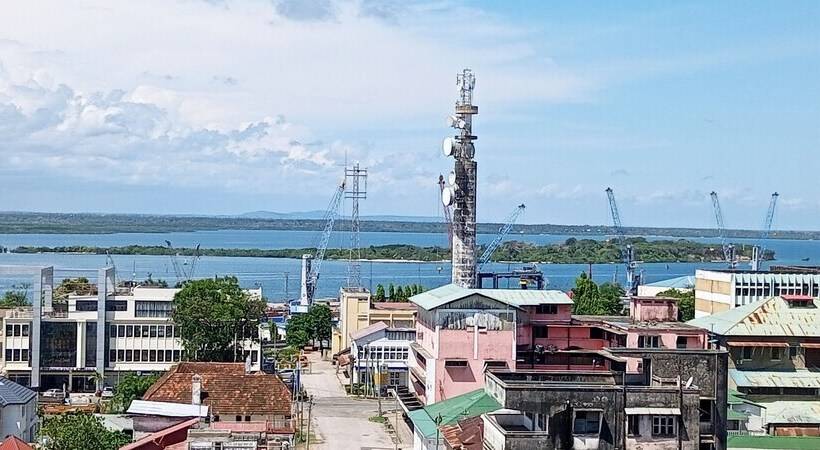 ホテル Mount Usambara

...

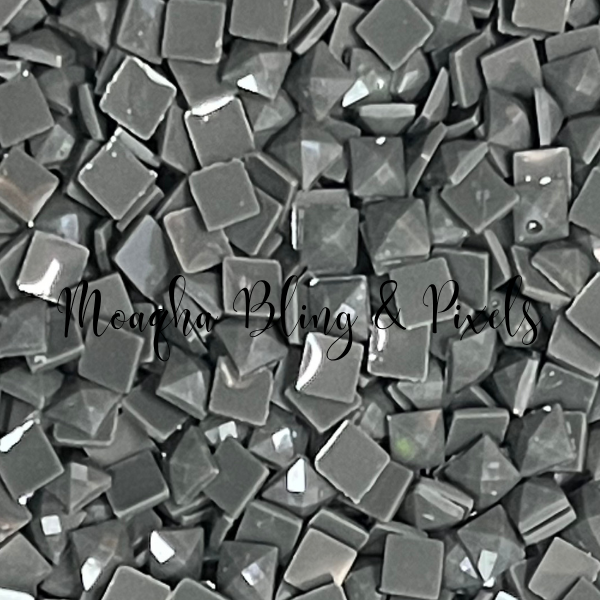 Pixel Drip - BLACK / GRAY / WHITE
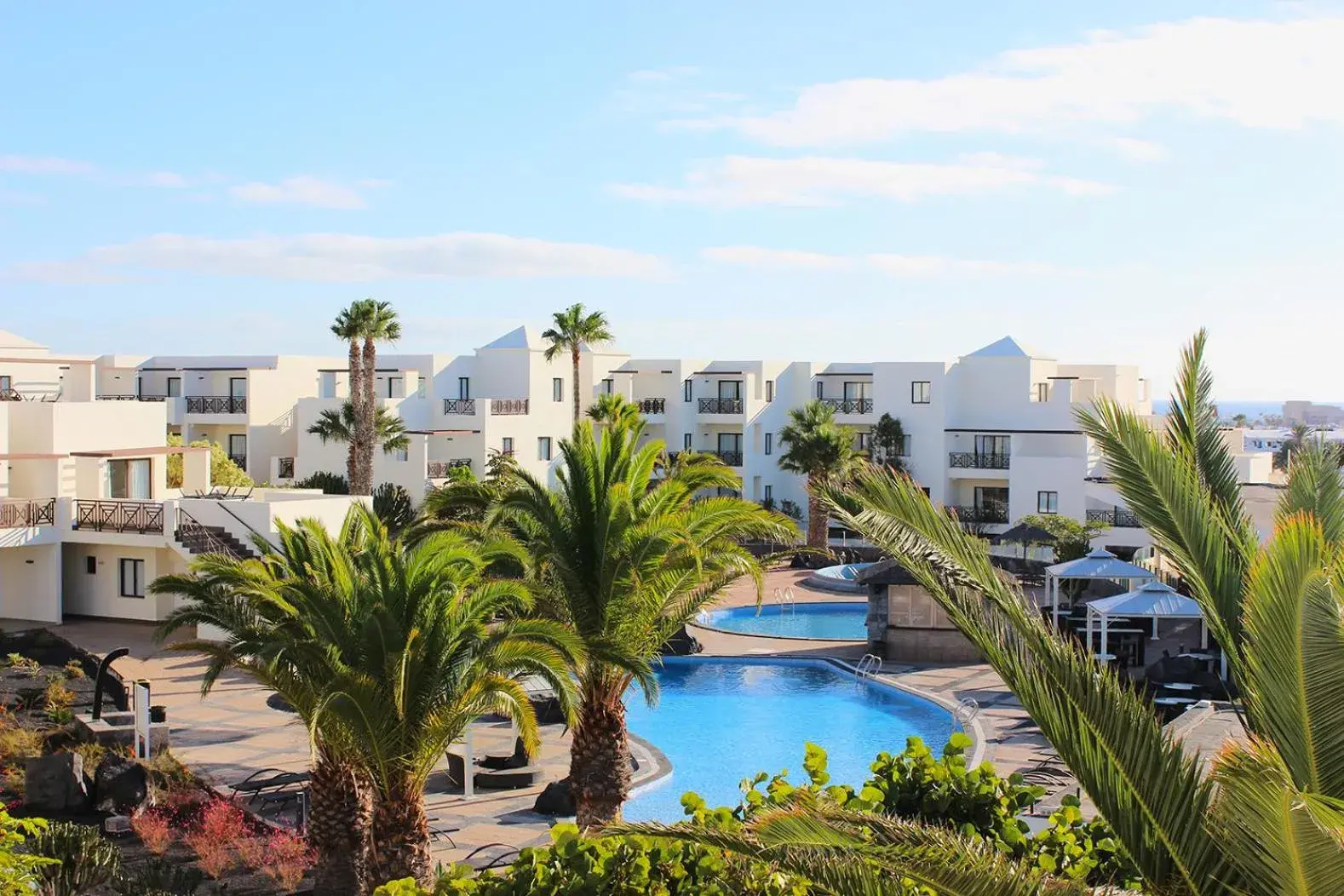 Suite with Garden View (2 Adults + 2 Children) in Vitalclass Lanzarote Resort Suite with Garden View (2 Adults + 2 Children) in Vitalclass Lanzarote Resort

# Work required:
Write down exactly what the lines above say, from the line holding "Pixel Drip - BLACK / GRAY / WHITE" through the line holding "Lanzarote Resort Suite", and nothing more. Do not copy the pictures.

# Problem solution:
 Pixel Drip - BLACK / GRAY / WHITE
 Suite with Garden View (2 Adults + 2 Children) in Vitalclass Lanzarote Resort Suite with Garden View (2 Adults + 2 Children) in Vitalclass Lanzarote Resort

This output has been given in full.